- **What this task involves**: Among the records below, find the line with "Four Nao figures" and the line with "ONEST 20-Piece Wooden". Set down both and every line between, exactly and with no pictures, but nothing else.

#### Data to examine

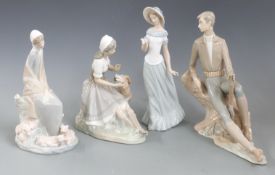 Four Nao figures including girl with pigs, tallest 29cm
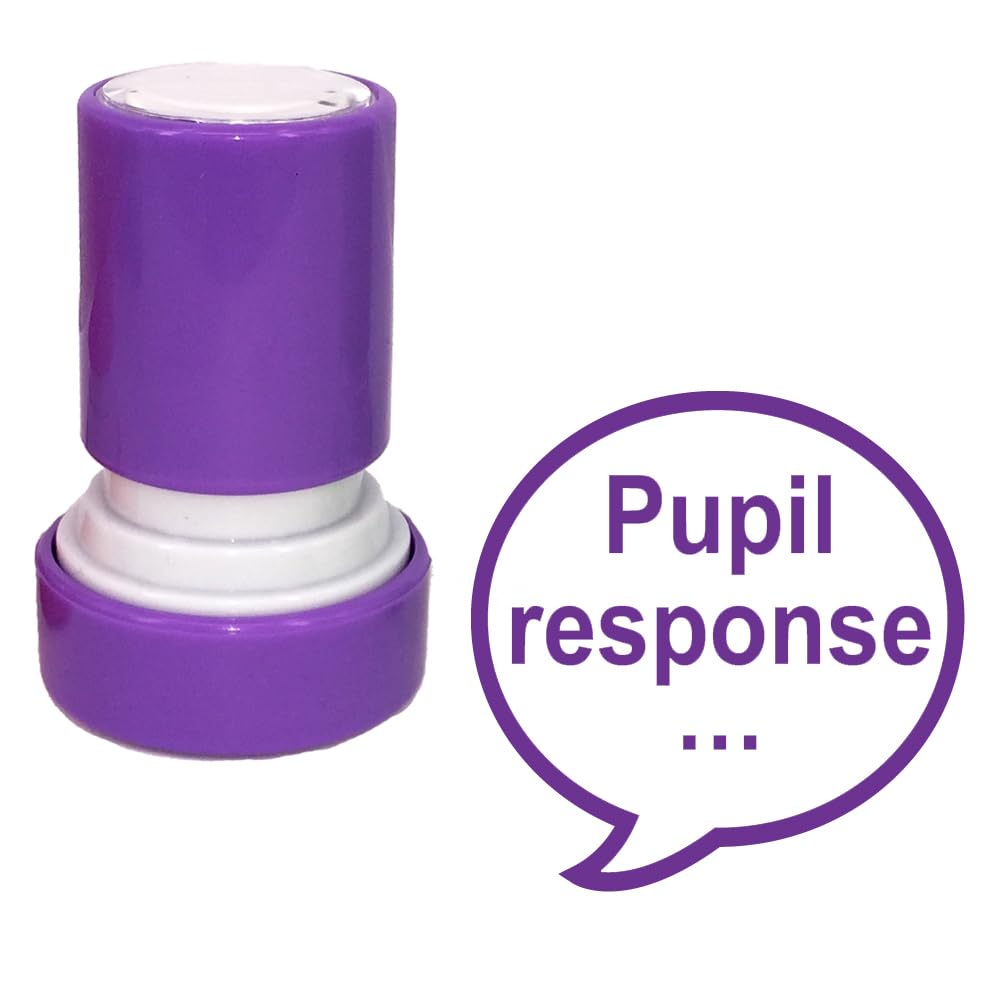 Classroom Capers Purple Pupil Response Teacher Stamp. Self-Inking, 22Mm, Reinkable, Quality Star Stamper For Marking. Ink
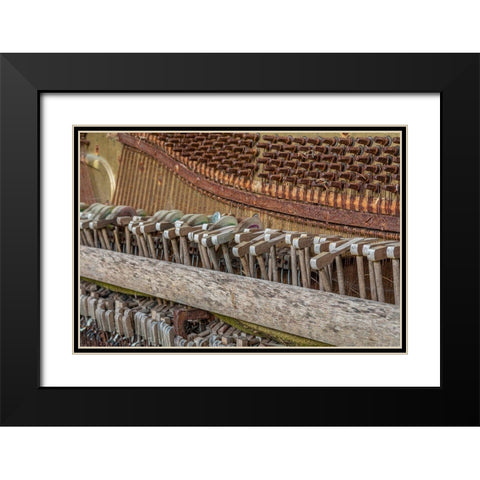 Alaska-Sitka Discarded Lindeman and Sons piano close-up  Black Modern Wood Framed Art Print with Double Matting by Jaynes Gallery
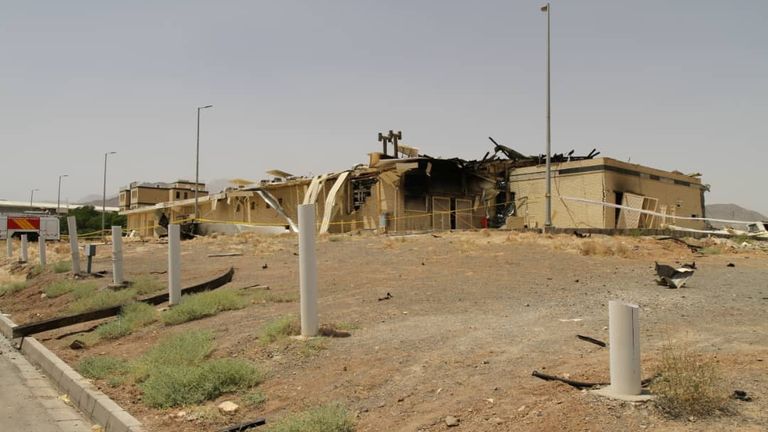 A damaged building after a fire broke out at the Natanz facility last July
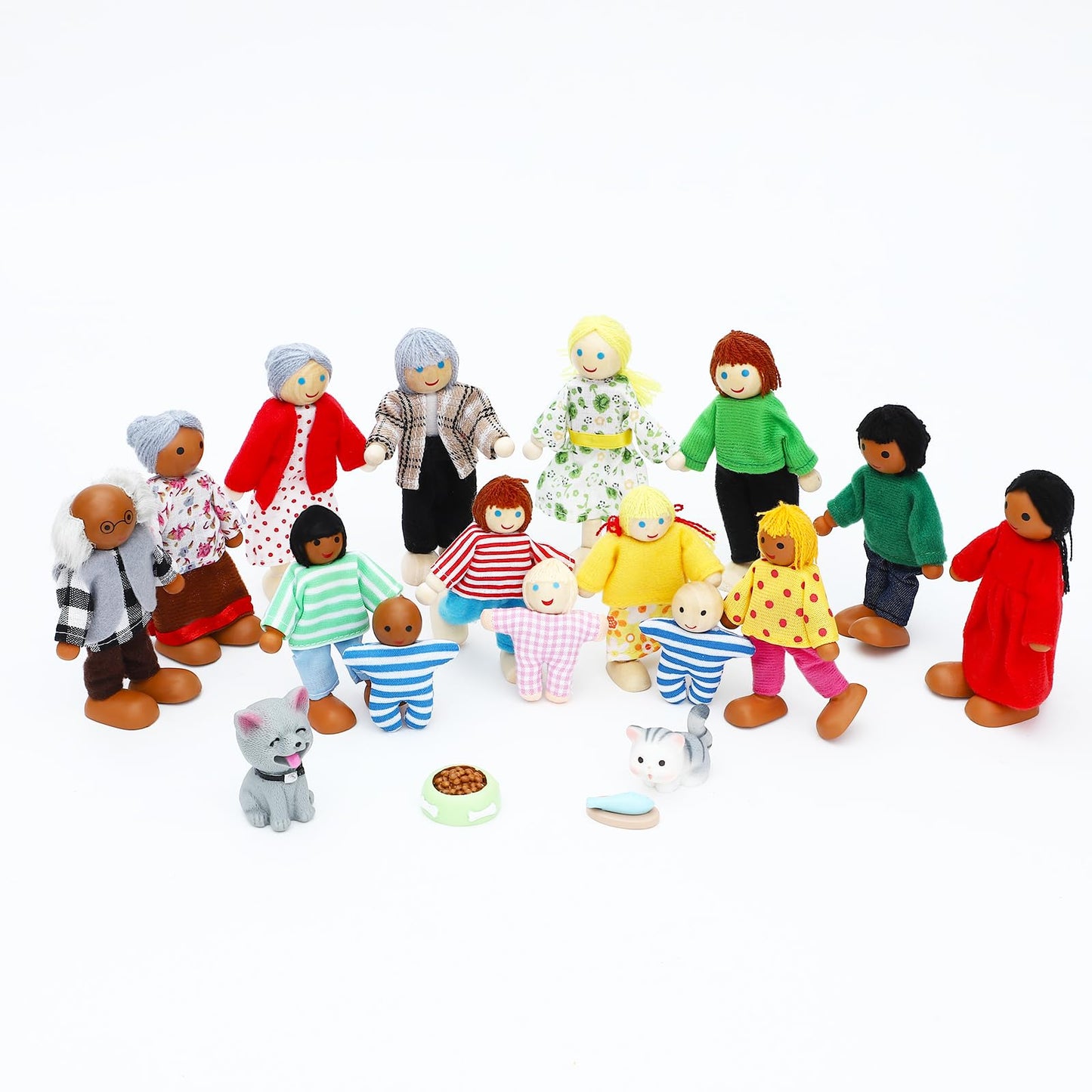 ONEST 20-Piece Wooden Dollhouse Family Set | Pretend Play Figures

########
#### Data to examine

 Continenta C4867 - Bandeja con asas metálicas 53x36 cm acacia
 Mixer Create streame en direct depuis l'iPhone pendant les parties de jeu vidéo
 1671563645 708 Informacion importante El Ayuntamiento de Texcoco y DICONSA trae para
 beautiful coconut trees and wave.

########
#### Data to examine

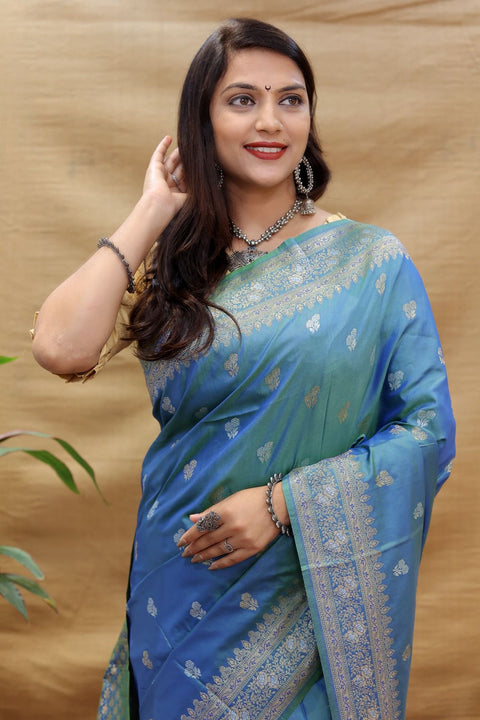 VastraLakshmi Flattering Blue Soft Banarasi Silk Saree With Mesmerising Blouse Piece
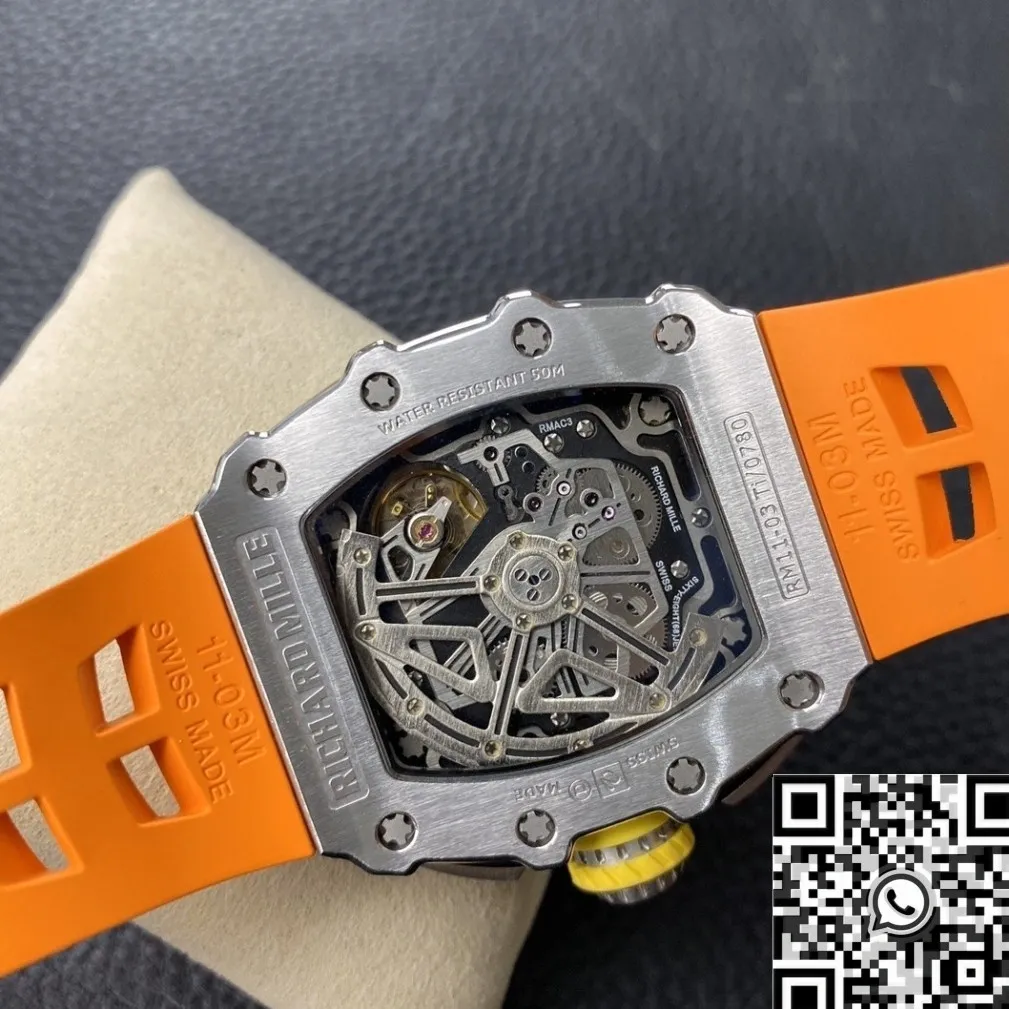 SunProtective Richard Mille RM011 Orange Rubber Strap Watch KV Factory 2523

########

- **Result for this exercise**:
 Four Nao figures including girl with pigs, tallest 29cm
 Classroom Capers Purple Pupil Response Teacher Stamp. Self-Inking, 22Mm, Reinkable, Quality Star Stamper For Marking. Ink
 Alaska-Sitka Discarded Lindeman and Sons piano close-up  Black Modern Wood Framed Art Print with Double Matting by Jaynes Gallery
 A damaged building after a fire broke out at the Natanz facility last July
 ONEST 20-Piece Wooden Dollhouse Family Set | Pretend Play Figures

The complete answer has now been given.